I can reproduce this bug using the AgentSet API and other modern Mesa best practices.
import mesa
class testAgent(mesa.Agent):
def __init__(self, unique_id, model):
super().__init__(unique_id, model)
self.pos: tuple
def pollute(self):
self.model.grid.properties["pollution"].modify_cell(self.pos, lambda p: p+1)
class testModel(mesa.Model):
def __init__(self, width = 20, height = 20, initial_population=200):
super().__init__()
self.width = width
self.height = height
self.initial_population = initial_population
# initiate mesa grid class
self.grid = mesa.space.MultiGrid(self.width, self.height, torus=False)
#add pollution property layer
pollution_layer = mesa.space.PropertyLayer(name = "pollution", width = self.width, height = self.height, default_value = 0.0, dtype=float)
self.grid.add_property_layer(pollution_layer)

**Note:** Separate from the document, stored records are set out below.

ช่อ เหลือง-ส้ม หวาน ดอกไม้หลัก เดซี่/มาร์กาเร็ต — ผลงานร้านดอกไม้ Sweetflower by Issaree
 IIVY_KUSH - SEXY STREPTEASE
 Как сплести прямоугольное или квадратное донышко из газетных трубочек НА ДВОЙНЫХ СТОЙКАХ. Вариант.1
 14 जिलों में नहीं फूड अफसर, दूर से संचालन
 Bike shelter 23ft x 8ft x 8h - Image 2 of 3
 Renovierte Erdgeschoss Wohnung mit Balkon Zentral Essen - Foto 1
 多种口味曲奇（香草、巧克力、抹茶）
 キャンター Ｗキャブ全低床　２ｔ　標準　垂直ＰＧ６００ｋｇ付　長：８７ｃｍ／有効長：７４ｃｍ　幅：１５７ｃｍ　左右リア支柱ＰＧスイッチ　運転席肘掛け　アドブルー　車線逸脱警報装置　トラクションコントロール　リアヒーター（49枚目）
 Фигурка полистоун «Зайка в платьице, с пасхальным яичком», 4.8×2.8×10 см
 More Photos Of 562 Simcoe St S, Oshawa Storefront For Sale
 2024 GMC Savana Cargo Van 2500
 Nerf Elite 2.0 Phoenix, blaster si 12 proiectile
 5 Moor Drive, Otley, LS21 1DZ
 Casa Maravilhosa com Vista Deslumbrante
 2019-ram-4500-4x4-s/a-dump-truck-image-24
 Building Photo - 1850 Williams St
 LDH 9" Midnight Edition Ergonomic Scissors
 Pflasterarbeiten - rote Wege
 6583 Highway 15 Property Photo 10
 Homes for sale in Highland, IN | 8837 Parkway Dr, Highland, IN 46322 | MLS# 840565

self.datacollector = mesa.DataCollector(model_reporters = {
"Pollution": lambda m: m.grid.properties["pollution"].data,
"Step": "_steps"
})
agent_id = 0
for i in range(self.initial_population):
# get agent position
agent = testAgent(agent_id, self)
self.grid.place_agent(agent, pos=mesa.model.random.choice(list(self.grid.empties)))
agent_id += 1
def step(self):
self.agents.shuffle().do("pollute")
print(f"Step {self._steps}: {self.grid.properties["pollution"].data[:1]}")
self.datacollector.collect(self)
self._advance_time()
# Run the model
model = testModel()
for i in range(20):
model.step()
model_results = model.datacollector.get_model_vars_dataframe()
model_results
It prints the correct values each step, so it seems the bug is really in the datacollector itself.
I suspect for some reason it doesn't save a copy of the values at that timestep to model_vars, but a reference to the values that gets continuously updated with each step. @rht do you have an idea where that could happen?
Found the issue and implemented a fix in #2129.